In all the cases relating to Gujarat riots, the witnesses are threatened, and in some, wrong persons cited as the accused to the save the actual miscreants. Is it not enough proof to the conniving role the state police played in the entire incident? That none from the state administration, or its political elite, are charged for the crimes they have committed during the 2002 Gujarat riots is proof to the fact that the term justice is a misnomer in India.
But for the intervention of the civil society organisations, even this much, of investigation and holding a trial, would not have happened. At the very least, it required a special investigation team constituted at the behest of the Supreme Court, to complete the investigation, however unsatisfactory it is. The state police, that Chittaranjan heads and now pompously speaks about, had done enough damage to the investigation by then.
That Gujarat is an example where the police undertake targeted assassinations for claiming rewards or obliging their political masters does not speak well of the state police. Instead it reiterates the fact that the police in Gujarat, like in most of India are nothing but uniformed criminals paid by the exchequer. This caricature of the Indian police cannot be whitewashed with the conviction in the Ode riot case. The damage that the police have done to themselves, to their morale, which is the basis of the public perception that the country’s police are not more than uniformed street thugs is far deeper and requires more than a few belated convictions to change.

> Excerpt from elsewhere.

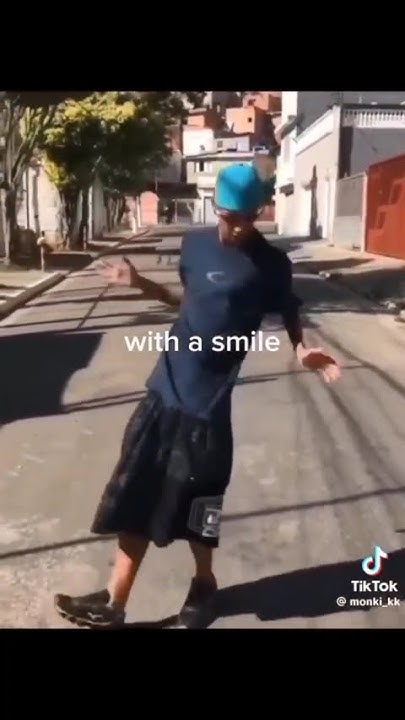 Eduardo_Roza's tweet card. SUNDAYS are IT #WelcomeToDerry Days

The fact that the trial took more than seven years to start and the first trial judge resigned after the trial started speaks volumes about the judiciary. The delay in the process was not because of the civil society filing applications, but due to the inability of the state police to file a proper charge sheet in court. A true investigation would and should have booked those who instigated a state-wide carnage. The state police cannot and will not venture into this task, since many of them are the top political brass of the country. What justice is then Chittaranjan claiming about?
Violence committed upon individuals leave deep wounds. When it is committed upon a community, the magnitude of it is higher and incalculable. What have the state police done to address this? Or does the establishment have even an understanding about what it means by post violence trauma? The state administration and the police deny admitting that the 2002 state-sponsored violence has not only adversely affected the Muslims who were the target, but has equally hurt the rest of the population who witnessed the violence and are today forced to live as part of the same wounded society without the possibility of healing.
Much has been exposed and written about the Gujarat riots of 2002, that once again mentioning that it is entirely a state creation, is repetition. Of the mess that Gujarat is today, officers like Chittranjan is merely parroting what the government would want a person in his position to say. Had there been a true police officer in his uniform, the sentence and conviction in the case should have gone down as an affirmation by the judiciary of what his force failed to prevent. The conviction would have been understood as the shameful failure of the state and of its various apparatus. Instead, just as it is fitting for an Indian bureaucrat, failure is considered an occasion to celebrate shameful ineptitude.